The page was no longer active Wednesday. May said the police department was not responsible for removing it, adding he would like to thank whoever had.

"Social media is a nightmare," May said. "If they're 16 years old and they had sex with an adult, the law is violated. It don't make a darn what she was, if she was a drug addict, if she consented or anything else. They violated the law by having sex with a juvenile. No matter what kind of sex it was."

May said the teen has been receiving counseling from Scotty's House, which provides services to abused children. She told authorities that she believed her assailants were going to kill her when she was assaulted with a deadly weapon. Police did not release details regarding the weapon.

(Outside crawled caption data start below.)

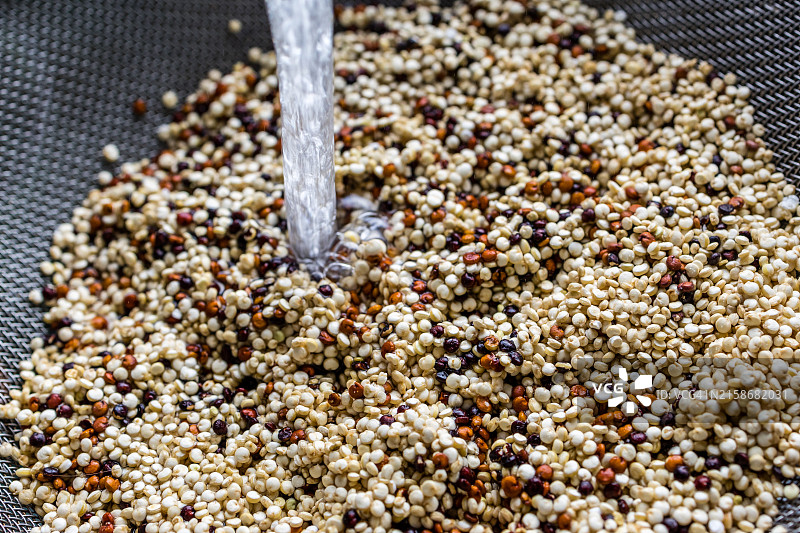 烹饪前清洗藜麦图片素材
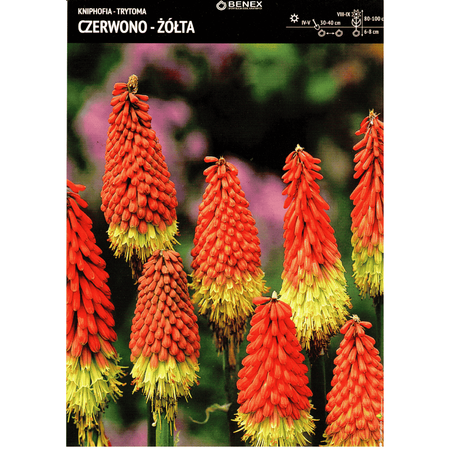 Trytoma czerwono-żółta 1 szt.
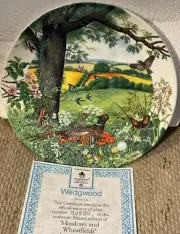 MEADOWS & WHEATFIELDS Colin Newman’s Country Panorama Wedgwood Collector’s Plate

Several requests to obtain arrest reports from the Madison County District Attorney's Office and the office of the Justice of the Peace were not returned Wednesday or Thursday. The Eagle filed an open records request for the probable cause statements in the case, but May said he couldn't release them because it remains under investigation.

May said the incident is a result of the "drug culture" in the small town. He said recent drug busts have involved mostly synthetic marijuana and methamphetamine.

A "fair share" of calls, he said, including disturbance calls to the department, occur in the trailer park on East Lance Street.

"We keep them stirred over there because we know what they are doing," May said.

A retired Houston police officer, Secret Service agent and officer with the Madisonville school district, May said he advises high school students to continue with their education and move outside the city.

"I tell every one of them, finish high school, get the hell out of Madisonville ... Come back to visit family and friends, but find yourself a job somewhere else because we have no other jobs besides mom-and-pop operations, fast food and Wal-Mart, the school district and Buc-ee's," he said. "If they come back here and don't have a job, they end up in the [drug] culture, so why come back? It's a good place to come visit, there's just not a lot of opportunity for career advancement here."

According to District Attorney Brian Risinger, the case is likely to go before a grand jury in July.